Timb you are such a silly person

 

https://wikileaks.org/wiki/Category:Russia

And player, you are such a fraud whether u know it or not.

Only 2 of the links in that site have anything implying anything negative about Russia. Those were each about reporters who were critical of Russia being murdered. All of the links were 2008 or earlier. There was one where Russia released what might have been some disinformation about McCain during his run against Obama. I’m not sure what to make of that one. But almost all of the links appear to be basic press releases, mostly not about Russia at all, and no uncovered leaks of anything classified and negative to Russia.

This just further confirms my suspicions that Assange has been, at least, allied in his heart with Russian interests. And perhaps especially so since 2008.

 

Assange will not hang on the charges this Trumpublican admin is trying to use on him. Most of the charges have to do with his publishing info. That is not against our Law. The charge they might get him on is helping Chelsea Manning figure out a password to steal some classified info. But what would the penalty for that be at worst? Months in prison? A couple of years?

Now if he were to turn out to be a straight out Russian agent, then maybe. But afaik there is no hard evidence that would make him convictable of that.
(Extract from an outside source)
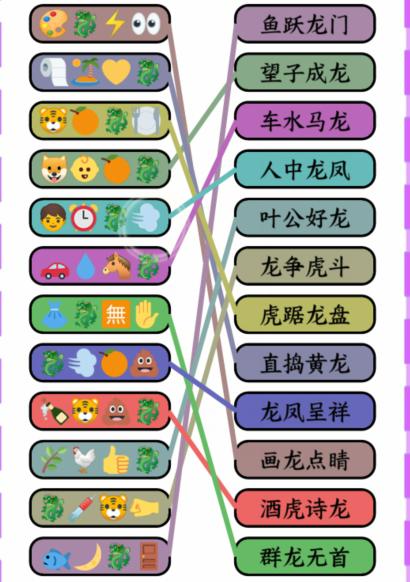 就我眼神好成语达人5怎么过 通关攻略图1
18 more chargers Magoo 175 years = death penalty

 

Oh and btw

https://wikileaks.org/spyfiles/russia/

 

Like I said, most of those charges have to do with publishing info. If it is a legitimate media function it is not against our Law, aka the Constitution. Those charges will not prevail unless Trump has already solidified his takeover of the federal judicial system.

Hanging judge???

The last link does say something negative about Russia. Congratulations for finding something from Wikileaks that does. But it is no earth shattering news that Russia has an extraordinarily advanced state supported universal surveillance system. The same link is about all of the proliferation of the surveillance industry exported to the rest of the world by Western democracies. So it is not particularly damning of Russia in particular. But at least in includes Russia as a culprit.

Hey, I voted for the only person that could have kept Trump from becoming our downfall. It is not my fault that too many others were too ignorant to do the same.

“Hey, I voted for the only person that could have kept Trump from becoming our downfall. It is not my fault that too many others were too ignorant to do the same.”

Really? Who was that? I’m not kidding, I’d really like to know, unless you’re claiming it was Hilary Clinton. Nah, I think you’re way too smart for that.

Timb yeah spying on your citizens is such a positive news story - NOT!